PROBLEM DESCRIPTION:
Nothing should appear in the answer except the lines from the one containing "Casa para locação" through the end of the records below, written out exactly.

• • •

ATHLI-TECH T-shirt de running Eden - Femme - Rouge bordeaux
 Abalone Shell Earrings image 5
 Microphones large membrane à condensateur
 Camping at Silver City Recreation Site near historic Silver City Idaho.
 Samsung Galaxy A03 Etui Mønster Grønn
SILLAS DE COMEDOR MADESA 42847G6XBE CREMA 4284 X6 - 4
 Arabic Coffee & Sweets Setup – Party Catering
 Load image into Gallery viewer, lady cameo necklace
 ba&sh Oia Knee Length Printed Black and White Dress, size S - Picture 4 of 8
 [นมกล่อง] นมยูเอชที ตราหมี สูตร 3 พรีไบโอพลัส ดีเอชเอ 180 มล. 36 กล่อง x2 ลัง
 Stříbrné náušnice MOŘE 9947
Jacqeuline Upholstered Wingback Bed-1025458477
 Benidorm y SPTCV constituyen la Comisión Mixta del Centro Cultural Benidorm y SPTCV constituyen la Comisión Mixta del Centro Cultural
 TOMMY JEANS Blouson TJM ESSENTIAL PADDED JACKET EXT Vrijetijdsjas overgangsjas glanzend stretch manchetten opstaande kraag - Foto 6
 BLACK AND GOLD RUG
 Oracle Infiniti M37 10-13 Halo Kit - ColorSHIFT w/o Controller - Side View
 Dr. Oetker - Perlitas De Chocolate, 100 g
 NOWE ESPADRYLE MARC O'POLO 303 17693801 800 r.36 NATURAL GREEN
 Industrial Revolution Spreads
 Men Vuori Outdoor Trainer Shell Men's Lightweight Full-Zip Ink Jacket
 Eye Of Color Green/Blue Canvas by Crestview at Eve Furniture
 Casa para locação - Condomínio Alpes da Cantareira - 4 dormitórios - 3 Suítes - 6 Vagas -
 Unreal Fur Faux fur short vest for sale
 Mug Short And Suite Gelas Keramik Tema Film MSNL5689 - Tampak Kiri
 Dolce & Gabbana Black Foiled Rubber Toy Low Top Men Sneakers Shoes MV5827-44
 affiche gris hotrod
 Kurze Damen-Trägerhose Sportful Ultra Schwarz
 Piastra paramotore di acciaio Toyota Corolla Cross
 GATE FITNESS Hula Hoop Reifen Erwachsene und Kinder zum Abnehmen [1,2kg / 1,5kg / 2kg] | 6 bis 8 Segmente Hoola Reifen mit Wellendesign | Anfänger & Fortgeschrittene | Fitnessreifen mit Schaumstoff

• • •

EXERCISE OUTPUT:
 Casa para locação - Condomínio Alpes da Cantareira - 4 dormitórios - 3 Suítes - 6 Vagas -
 Unreal Fur Faux fur short vest for sale
 Mug Short And Suite Gelas Keramik Tema Film MSNL5689 - Tampak Kiri
 Dolce & Gabbana Black Foiled Rubber Toy Low Top Men Sneakers Shoes MV5827-44
 affiche gris hotrod
 Kurze Damen-Trägerhose Sportful Ultra Schwarz
 Piastra paramotore di acciaio Toyota Corolla Cross
 GATE FITNESS Hula Hoop Reifen Erwachsene und Kinder zum Abnehmen [1,2kg / 1,5kg / 2kg] | 6 bis 8 Segmente Hoola Reifen mit Wellendesign | Anfänger & Fortgeschrittene | Fitnessreifen mit Schaumstoff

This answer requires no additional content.